En el momento en que sus labios se posaron sobre los míos, la razón dejó de tener el control de mi cuerpo de nuevo, y fueron la piel, las manos, los labios quienes se adueñaron de mí. Cuando su lengua encontró la mía, al tiempo que sus manos recorrían mi cintura, prendió dentro de mí un fuego que me impulsaba a beber de él, anhelaba dejarme llevar, dejarme acariciar, entrar en un mundo de sensaciones olvidadas para no dar marcha atrás. Coloqué las manos alrededor de su cuello para atraerlo, haciéndole saber que le deseaba tanto como él a mí; que ardía por entregarme a él de forma que hacía mucho tiempo que no me entregaba a nadie.

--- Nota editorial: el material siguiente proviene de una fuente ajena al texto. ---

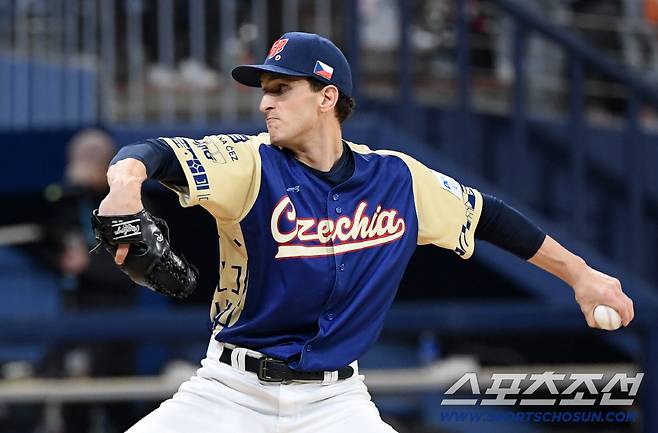 2025 K-BASEBALL SERIES 대한민국과 체코의 평가전이 8일 고척스카이돔에서 열렸다. 체코 얀 노박이 역투하고 있다. 고척=박재만 기자 pjm@sportschosun.com/2025.11.08/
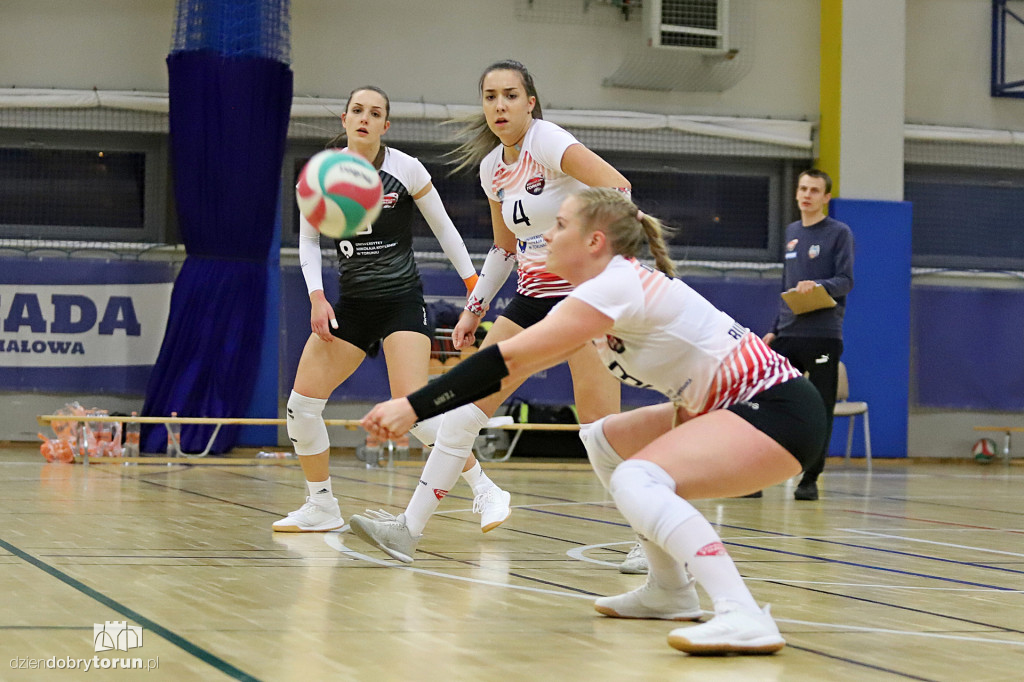 Budowlani Toruń 0 : 3 UNI Opole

Permití que bajase la cremallera de mi vestido mientras yo desabotonaba diestramente la camisa de lino blanco de él. Sentí bajo las manos su piel suave y cálida, su tacto me provocó un cosquilleo tan lujurioso que me hizo inclinar la cabeza hacia atrás, dejando sus labios en mi garganta pudiendo sentir su aliento en ella. Puso su mano derecha en mi espalda para acercarme aún más y la otra en mi cadera que bajó por mi muslo hasta encontrar el final de la prenda para colarse bajo ella y así avivar el fuego que latía en mí...

 

Una profunda respiración, un leve temblor en los parpados y…

 

—Buenos días, preciosa.

 

Sonrío.

 

—Hola.

 

Me acaricia y cierro los ojos para sentir su piel en la mía. La mano que hasta hacía unos segundos reposaba inerte en mi cintura cobra ahora vida para recorrerla hasta la espalda y atraerme. Me besa. Me besa como nunca han besado nadie. Me besa como sé que no me volverán a besar.

 

—¿Has dormido bien?

 

—Sí, ¿y tú?

 

—También, pero lo mejor es despertarme contigo. ¿Nos duchamos antes de desayunar?

 

—Vale.

 

Se levanta y me tiende la mano, la agarro para levantarme de la cama y a penas poso los pies en el suelo me envuelve con sus brazos. Roza levemente mis labios y, con delicadeza, como si fuera frágil y valiosa, me gira para reposar mi espalda sobre su pecho sin dejar de abrazarme; apoya la cabeza en mi hombro y con sus brazos entorno a mí, me conduce al baño, donde vuelve a besarme y a estrecharme fuerte. Siento como el fuego de la noche anterior se enciende de nuevo entre nosotros. Puedo anticipar lo que va a pasar en la ducha… Continúa besándome el hombro y yo miro hacia el espejo. Ambos estamos desnudos, enlazados, no se distingue donde acaba uno y comienza el otro…

 

¿Qué estoy haciendo? No es esto lo que quiero.

 

No puedo cometer de nuevo el mismo error.

 

No puedo volver a perderme.

 

¿Acaso el fracaso amoroso, ligado al atropello de mi identidad, no ha logrado hacerme aprender la lección? No debo caer de nuevo en ese laberinto de efímeros sentimientos y eterno sufrimiento, tengo que irme de inmediato o no seré capaz de separarme de él nunca.

 

—Calienta el agua y llena la bañera, en seguida vuelvo.

 

—No tardes, ya te echo de menos.

 

Salgo del baño, cerrando la puerta tras de mí y regreso al dormitorio. Me visto tan rápido como me es posible y salgo de esta casa sin hacer el menor ruido. Marcos no se percata de nada y es que no es la primera vez que me voy a hurtadillas.